Single by Guy Sebastian

from the album T.R.U.T.H.
- Released: 26 June 2020
- Length: 3:52
- Label: Sony
- Songwriters: Guy Sebastian; Jamie Hartman; Greg Holden;
- Producer: Jamie Hartman

Guy Sebastian singles chronology
| "Let Me Drink" (2019) | "Standing with You" (2020) | "Love on Display" (2020) |

Music video
- "Standing with You" on YouTube

= Standing with You =

"Standing with You" is a song by Australian singer Guy Sebastian, released on 26 June 2020 as the fourth single from his ninth studio album T.R.U.T.H.. The song reached number 10 on the Australian charts, Sebastian's 24th ARIA top 50 single, and 14th to peak in the top 10. It achieved 2× platinum certification in Australia, and was also certified gold in New Zealand.
Sebastian was nominated for the Best Male Artist for Standing With You at the 2020 Aria Awards, and the song won Best Video. The song was also nominated for Song of Year at the 2021 APRA Music Awards.

==Background==
Sebastian co-wrote the song with Jamie Hartman, who also produced and co-wrote "Before I Go", the Platinum-selling, lead single from Sebastian's forthcoming album. Sebastian said "We've written quite a few tunes together, Jamie and myself, so it's proving to be a good partnership".

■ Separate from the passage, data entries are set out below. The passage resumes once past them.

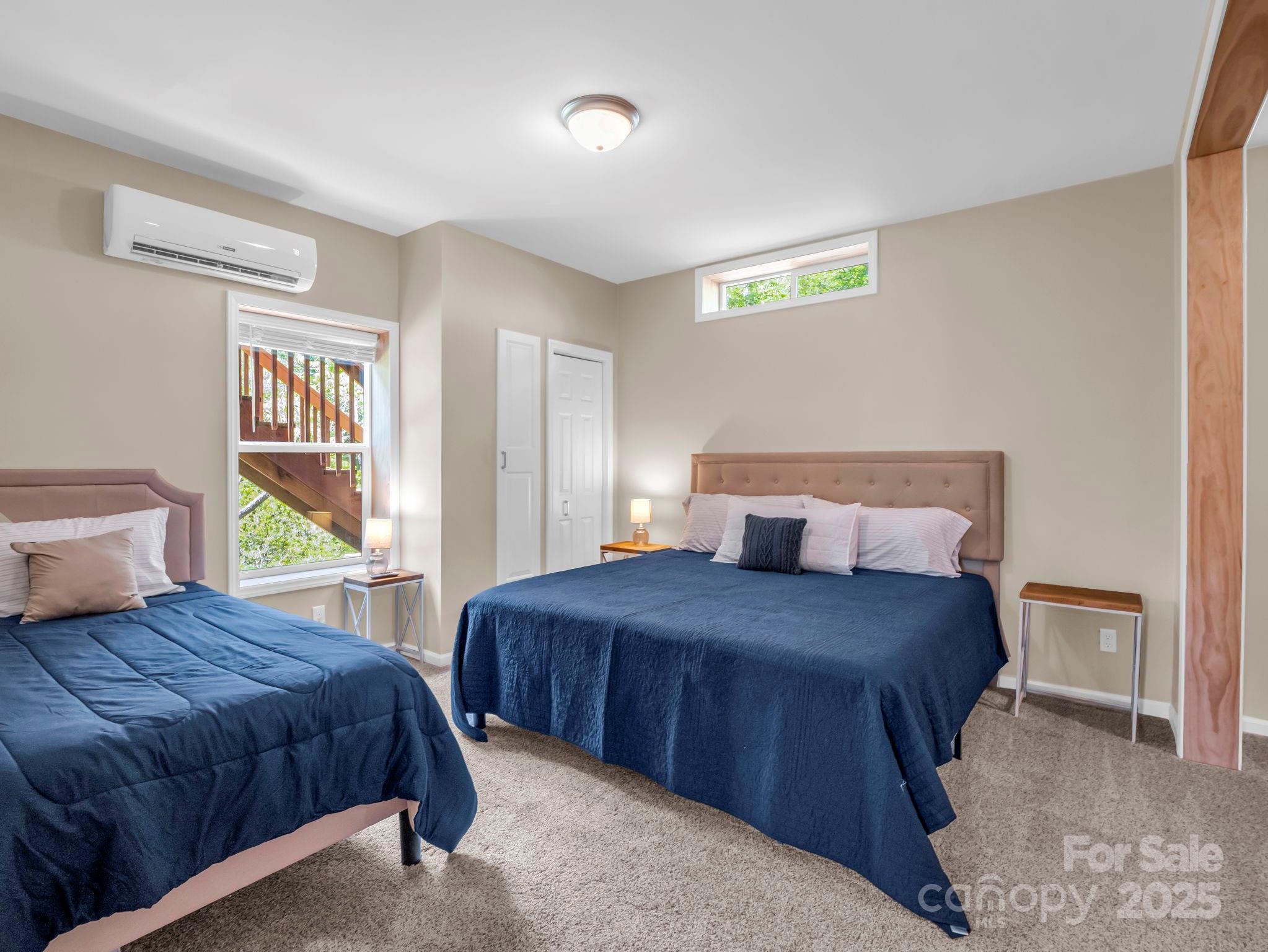 188 Fern Loop Lake Lure, NC 28746 - Photo 39 of 48 a bedroom with a bed and a painting on the wall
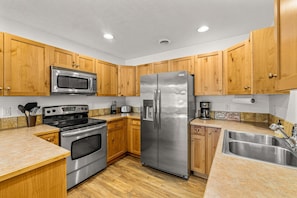 A kitchen with wooden cabinets, stainless steel appliances, a microwave, oven, refrigerator, and a sink.
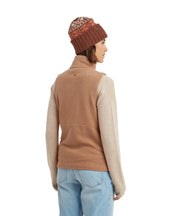 Person wearing a brown knit beanie, brown sweater, beige long-sleeve shirt, and light blue jeans on a white background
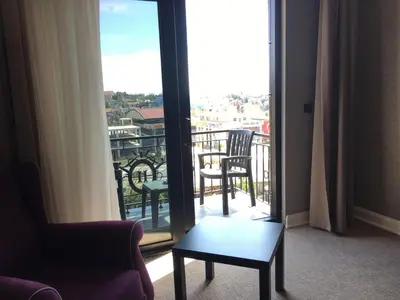 a room with a balcony with a chair and a table at Heybeli Hotel in Mudanya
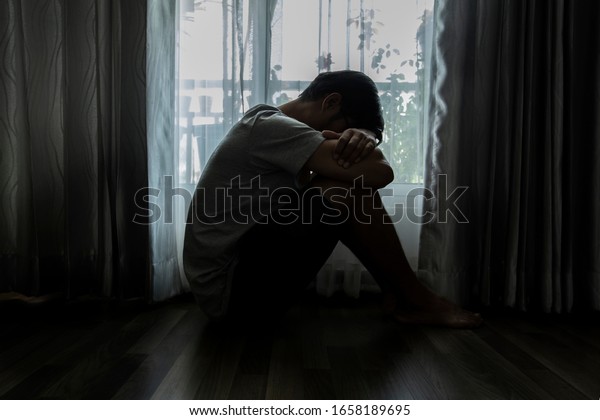 Sad Young Man Sitting On Bed Stock Photo 1658189695 | Shutterstock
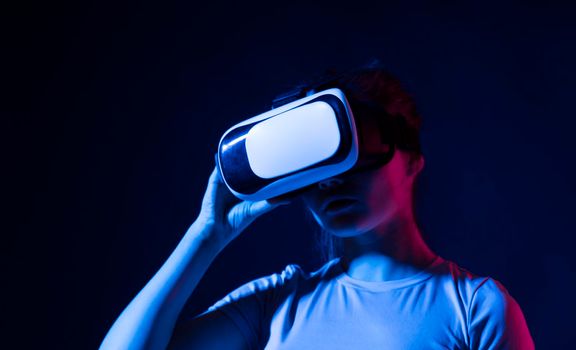 Young woman developer, designer or architector using VR headset to designing a new products or technologies using VR technology. Future technology concept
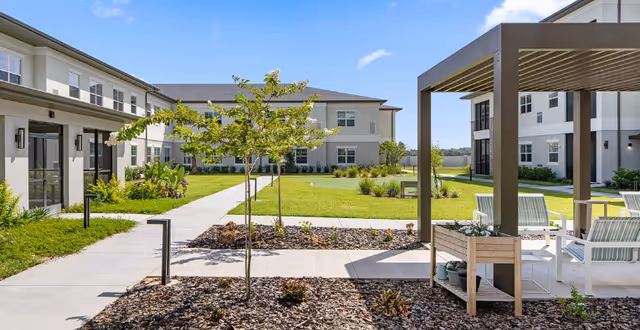 Outdoor courtyard area at Highpoint at Stonecrest featuring a paved walkway, young trees, landscaped garden beds with mulch, and a shaded seating area with chairs and a small table. The courtyard is surrounded by two-story residential buildings under a clear blue sky.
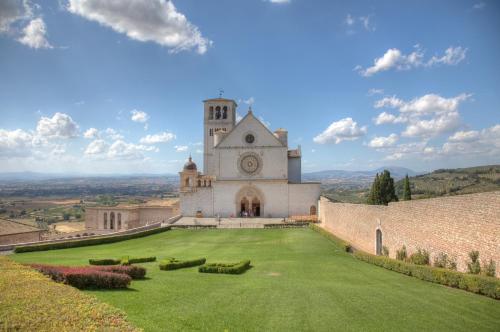 a church on a hill with a large grass yard at Alba dei Due Soli B&B in Nocera Umbra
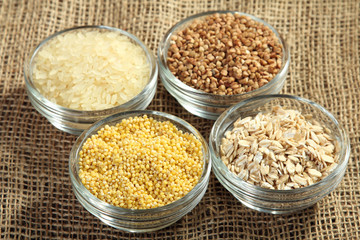 various cereals in glass bowls on a burlap closeup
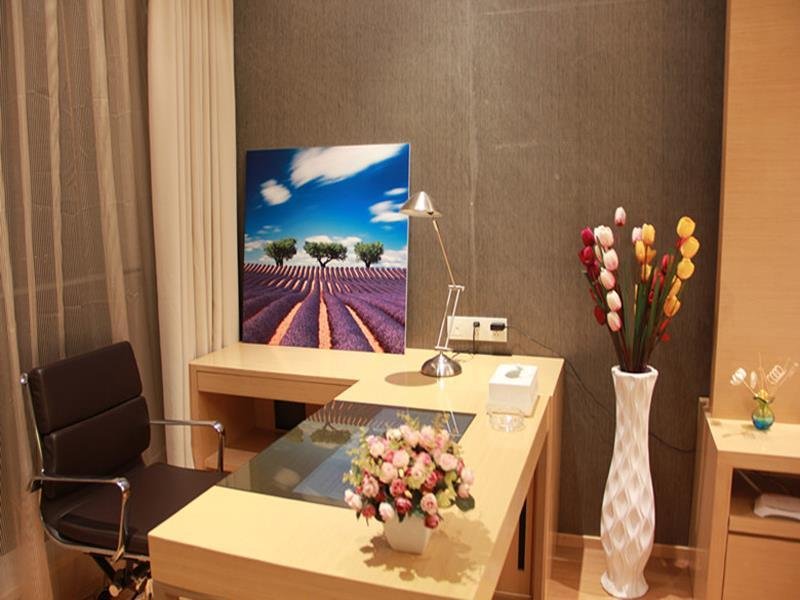 Фото Guangzhou Xing Yi International Apartment - Poly World Branch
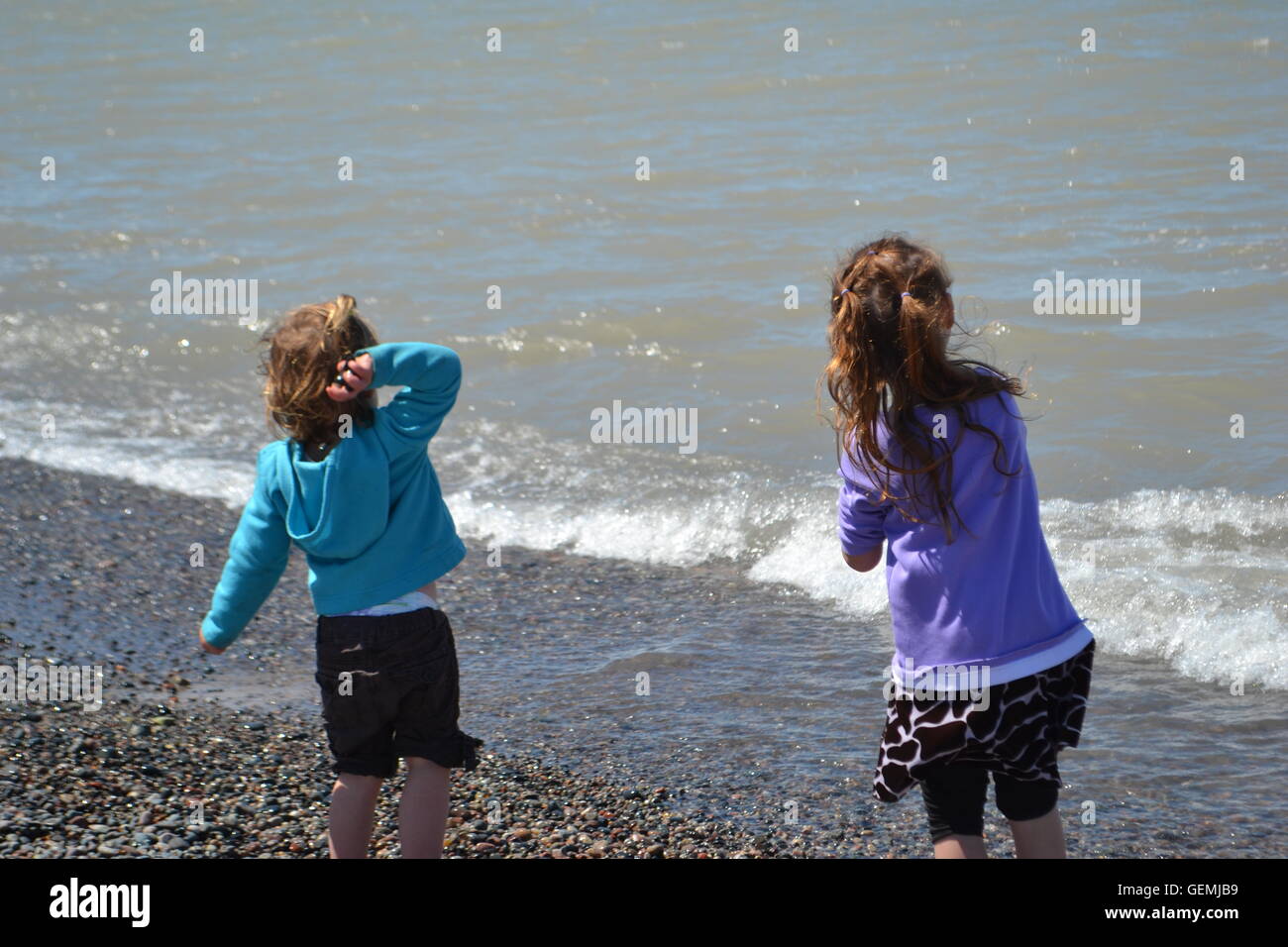 two girls throwing rocks into the lake from the shore. Stock Photo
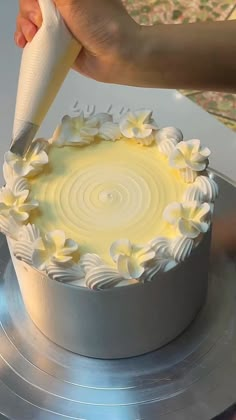 a person is decorating a cake with white icing on a silver platter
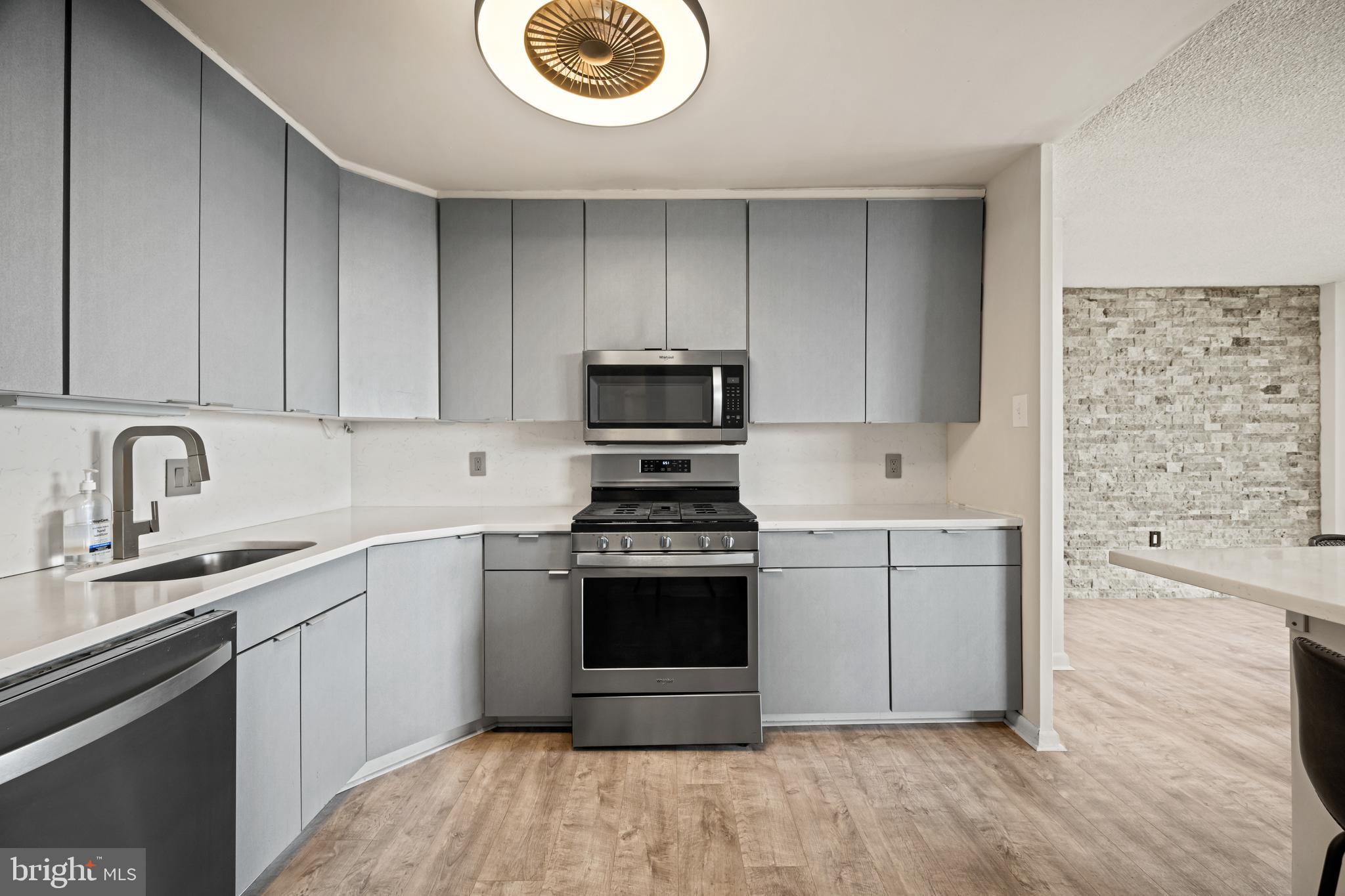 1840 Frontage Road, Unit 1501 Cherry Hill, NJ 08034 - Photo 4 of 20 a kitchen with a stove and a sink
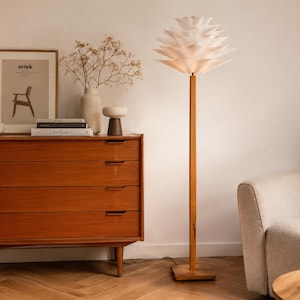 May include: A floor lamp with a tall, slender wooden stand and a square base, topped with a white, multi-layered, petal-like shade that radiates light. The lamp features a clean, vertical design that supports the intricate, tiered light fixture.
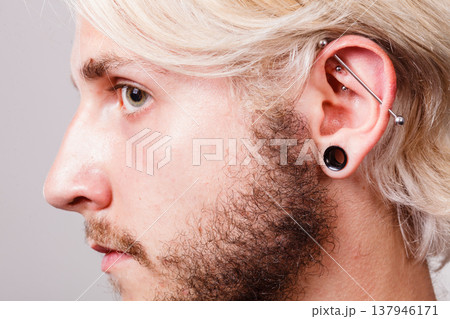 Pierced man ear, black plug tunnel, industrial and rook Pierced man ear, black plug tunnel, industrial and rook 137946171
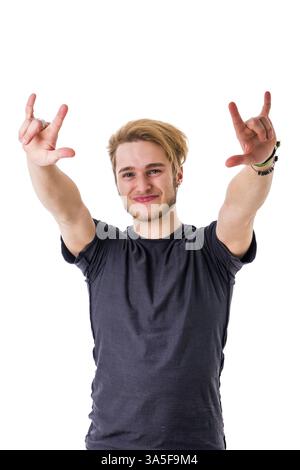 Smiling bearded young man with hands up showing horns with hands Stock Photo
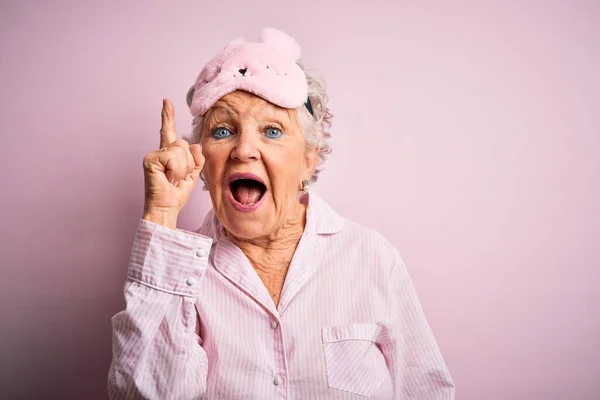 Senior Beautiful Woman Wearing Sleep Mask Pajama Isolated Pink Background — Stock Photo, Image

The song centres around issues surrounding mental-ill health and the struggle to support loved ones who are suffering. In a lead-up to the song's release, Sebastian said "A family member of mine was going through a very tough time, and he was brave enough to share his battle with his own mental health, and that inspired this song".

Sebastian and Hartman tapped into their own experiences with the vastly increasing number of people who are struggling with depression and mental health issues. Sebastian said "It's about the power of just being there. Sometimes – as a friend or as a support to people who go through things – it's not about having the right anecdotes or answers; it's really more about just being that silent presence. Especially at a time like this when there's a lot of people who are feeling isolated, this song is a reminder to look out for people who feel alone".

==Music video==
The music video for "Standing with You" was directed by James Chappell and released on 26 June 2020.

==Charts==
===Weekly charts===

| Chart (2020) | Peak position |
|---|---|
| Australia (ARIA) | 10 |
| New Zealand Hot Singles (RMNZ) | 12 |

===Year-end charts===

| Chart (2020) | Position |
|---|---|
| Australian Artist (ARIA) | 17 |

==Certifications==

| Region | Certification | Certified units/sales |
| Australia (ARIA) | 2× Platinum | 140,000^{‡} |
| New Zealand (RMNZ) | Gold | 15,000^{‡} |
^{‡} Sales+streaming figures based on certification alone.